> [MATERIAL SUPPLIED]
·····

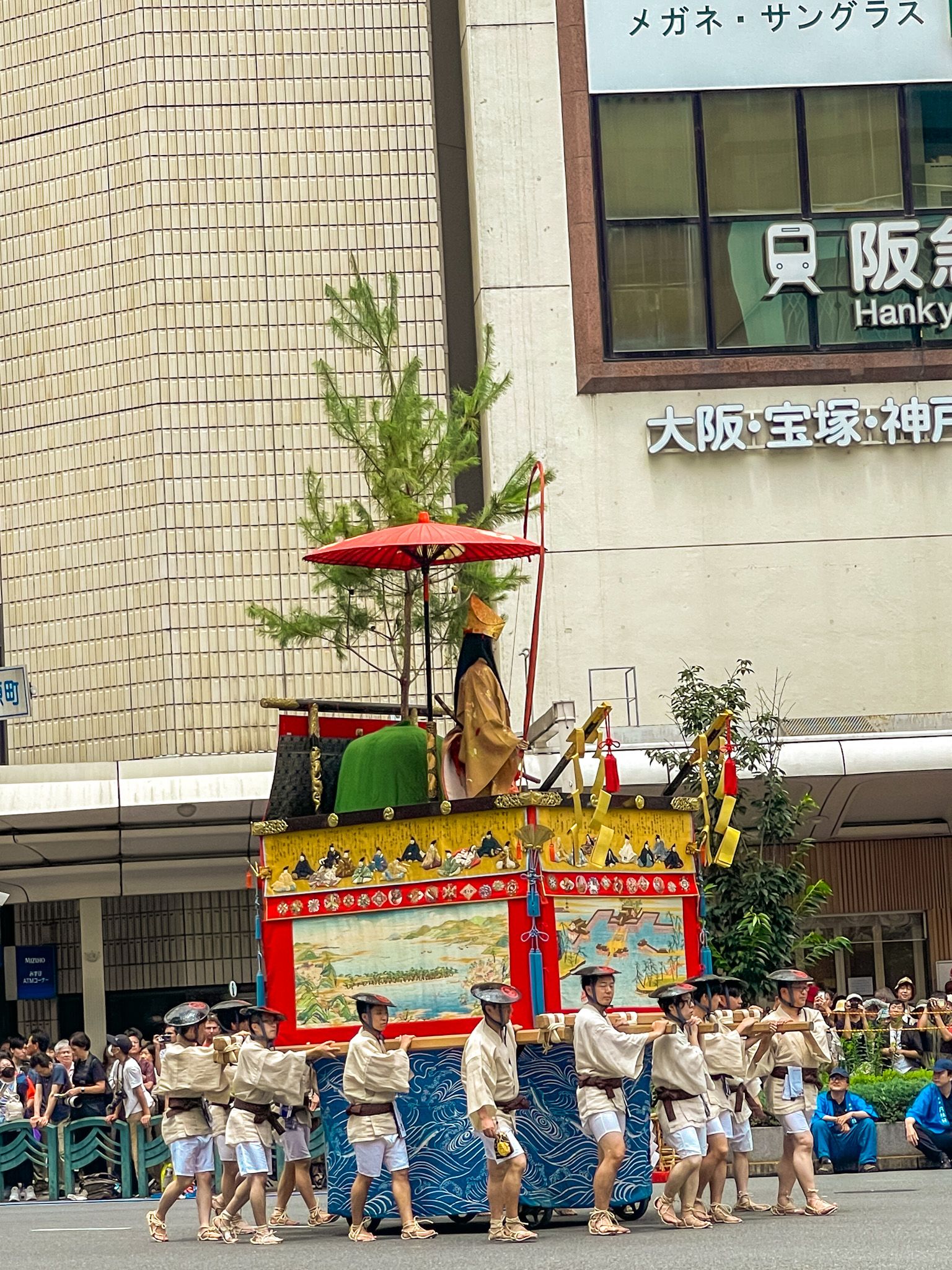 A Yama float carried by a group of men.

·····

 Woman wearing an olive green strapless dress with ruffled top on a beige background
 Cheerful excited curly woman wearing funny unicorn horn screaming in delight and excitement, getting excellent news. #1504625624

·····

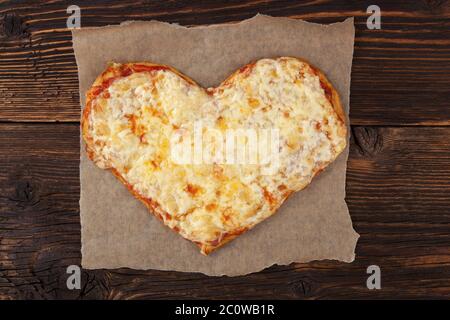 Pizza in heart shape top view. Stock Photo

·····

> [WHAT TO DO]
From the listing above, repeat exactly the lines starting at the line that includes "Woman wearing an" and ending at the line that includes "Cheerful excited curly", with nothing outside that span.

> [EXERCISE SOLUTION]
 Woman wearing an olive green strapless dress with ruffled top on a beige background
 Cheerful excited curly woman wearing funny unicorn horn screaming in delight and excitement, getting excellent news. #1504625624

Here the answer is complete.